« Fermez vos yeux et écoutez le chant de la lumière » - Become Desert de John Luther Adams

par

John LUTHER ADAMS (°1953) Become Desert. Seattle Symphony, Seattle Symphony Chorale, Ludovic Morlot (direction), 40’23, texte de présentation en anglais, CA21148.

Après Become River, écrit pour le Saint-Paul Chamber Orchestra et Become Ocean écrit pour le Seattle Symphony et son directeur musical Ludovic Morlot, le compositeur américain John Luther Adams (à ne pas confondre avec son compatriote John Adams, l’auteur de Nixon in China, Shaker Loops, et Doctor Atomic) clôt sa trilogie de fresques musicales monumentales avec Become Desert

Si en 2013, Become Ocean soumettait l’auditeur au rythme naturel et inexorable des vagues, de leur calme illusoire à la plus titanesque des tempêtes, Become Desert le confronte à la solitude hypnotique du désert. Adams crée un panorama sonore où les changements sont lents, progressifs et minuscules. Ici, un rayon de lumière jaune se dévoile imperceptiblement, là un grondement de tonnerre rugit au loin. 

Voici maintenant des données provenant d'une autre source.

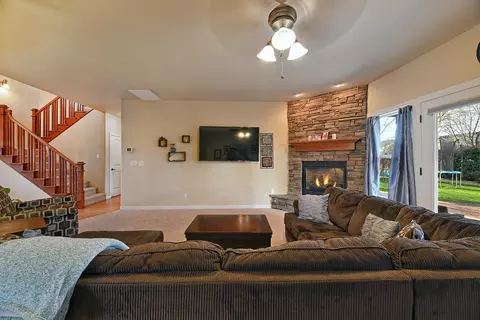 Living - 2000 Bluegrass Dr, Central Point, OR 97502 photo 2 of 3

Il ne faut pas chercher un récit musical rocambolesque. Nous sommes ici à des années-lumière des univers épiques et conflictuels de Strauss ou Prokofiev. Les mélodies sont inexistantes, le paramètre rythmique utilisé parcimonieusement et John Luther Adams affirme qu’il ne développe qu’une seule texture musicale tout au long de la pièce. Mais il n’en faut pas nécessairement plus. Il suffit de lâcher prise, de laisser libre cours à l’imagination portée par les infimes changements d’instrumentations et les vagues sonores qui nous submergent.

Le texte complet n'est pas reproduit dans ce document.